**Exercise:**
Restate exactly, and only, the lines from the one with "Camisa Roja Huaso" through the end of the data, with both of those end lines kept. Drop any pictures.

Stored items:
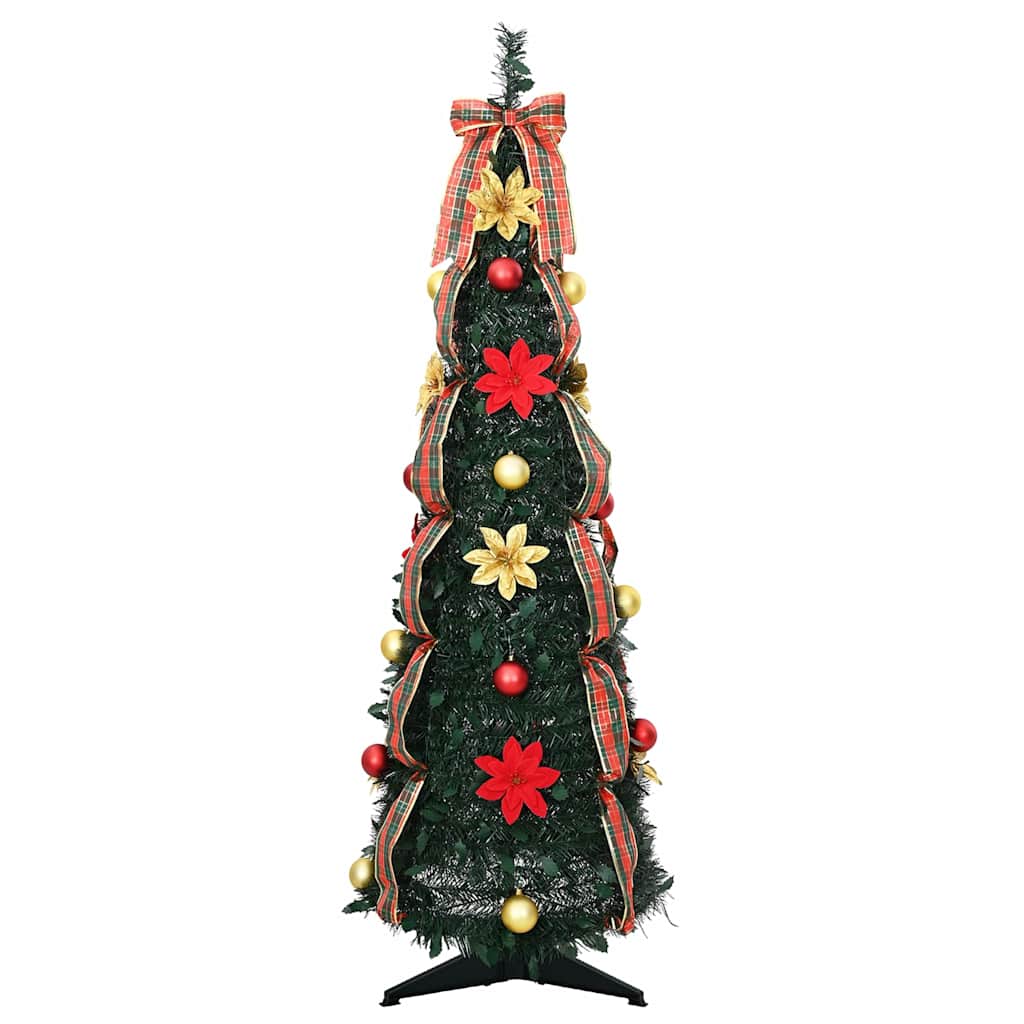 Künstlicher Weihnachtsbaum mit 50 LEDs Grün 125 cm PVC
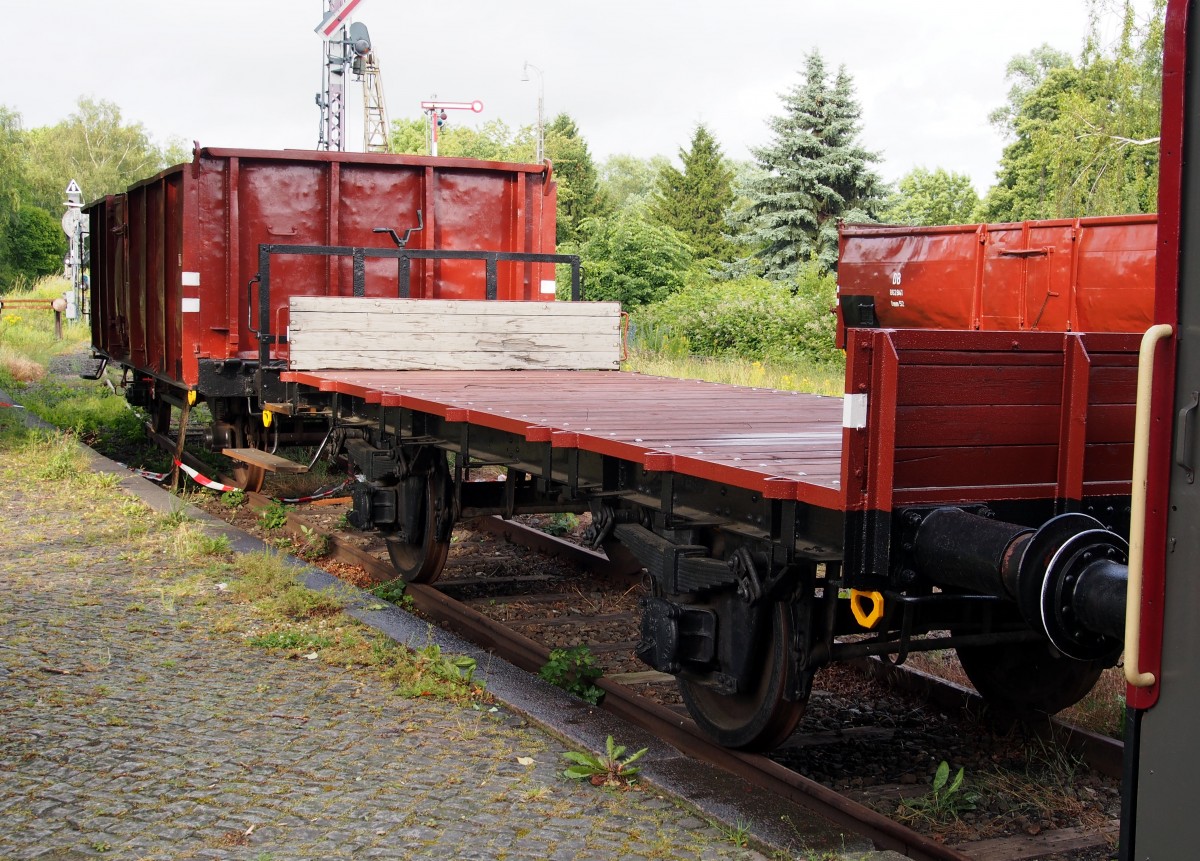 Flachwagen im Eisenbahnmuseum Vienenburg am Harz, am 19.06.2014.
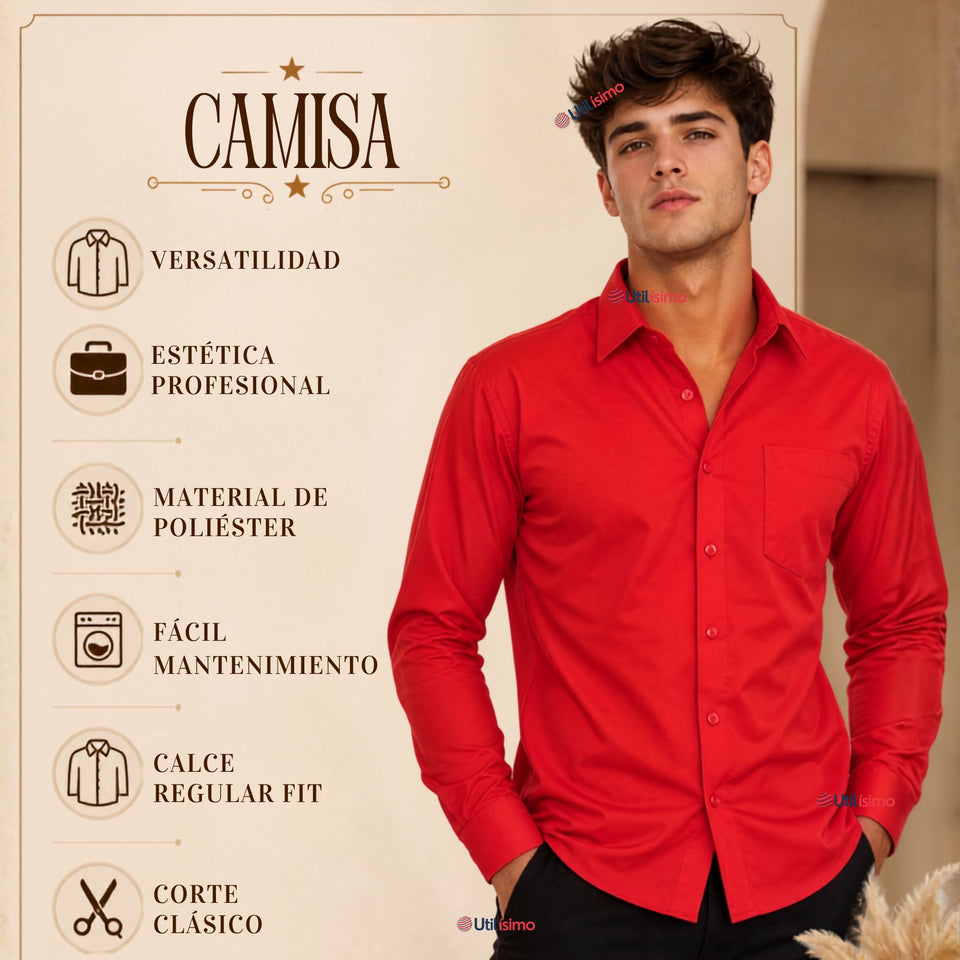 Camisa Roja Huaso Clásica Regular Fit Casual Manga Larga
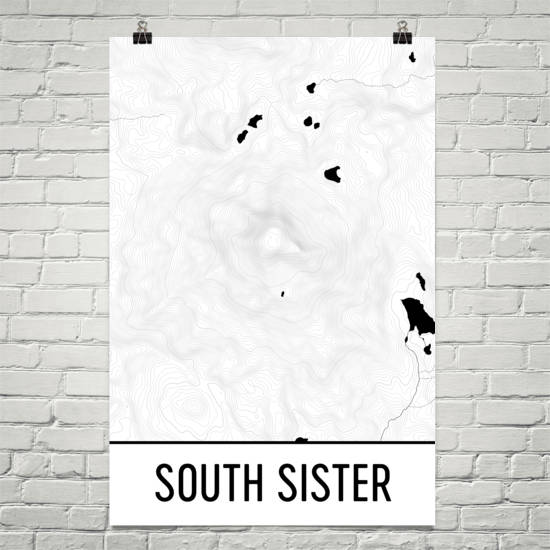 South Sister Topographic Map Art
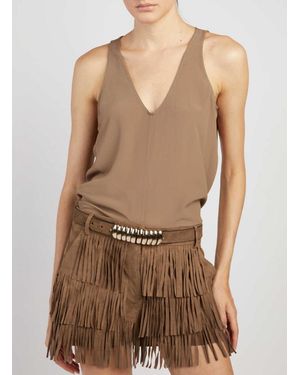 FEDERICA TOSI Bold Belt Suede - Brown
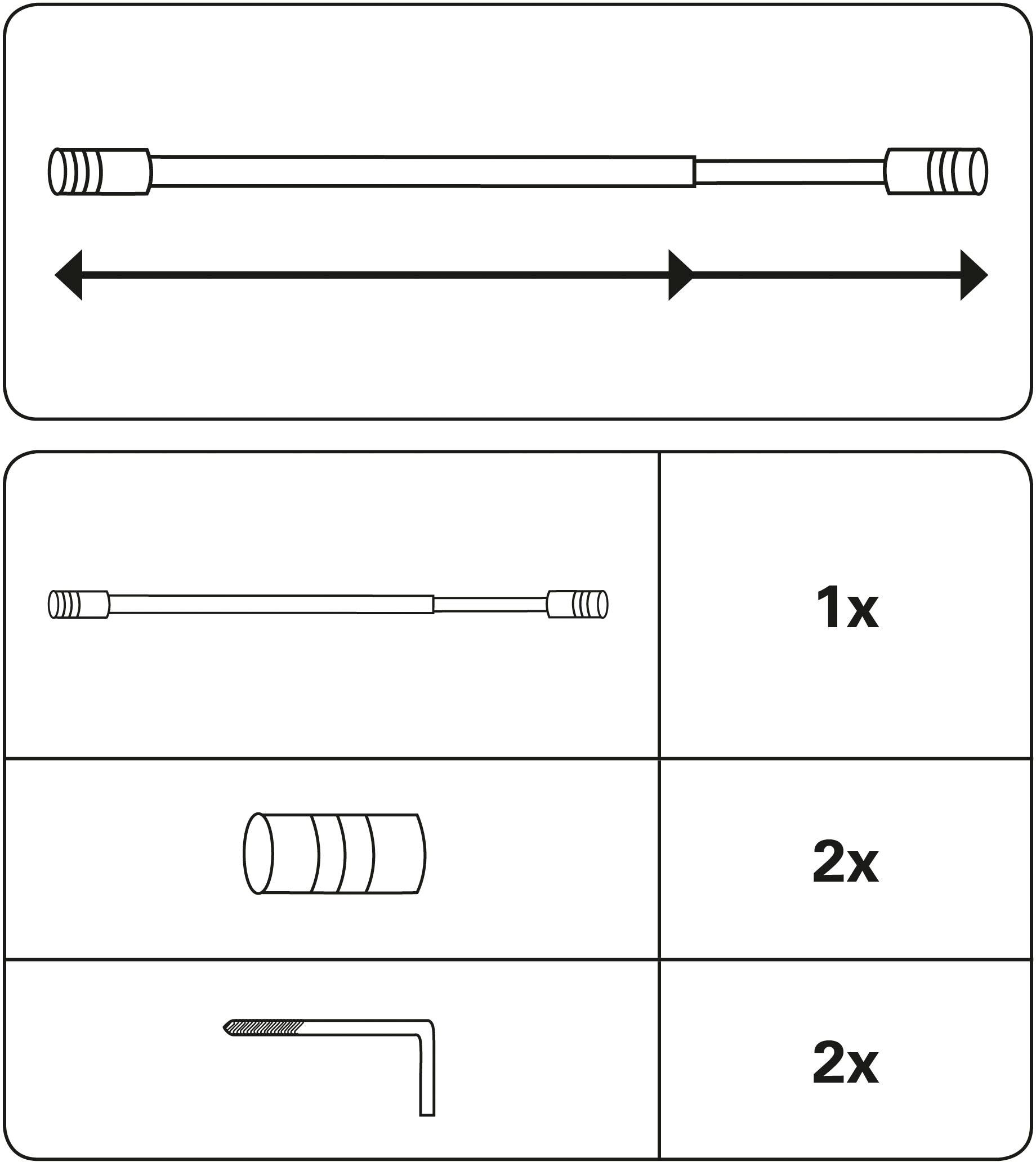 GARDINIA Vitragenstange Ø 10 mm 1 läufig-läufig ausziehbar Serie Vitragestange Zylinder Ã˜ 10 mm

**Answer for the task:**
 Camisa Roja Huaso Clásica Regular Fit Casual Manga Larga
 South Sister Topographic Map Art
 FEDERICA TOSI Bold Belt Suede - Brown
 GARDINIA Vitragenstange Ø 10 mm 1 läufig-läufig ausziehbar Serie Vitragestange Zylinder Ã˜ 10 mm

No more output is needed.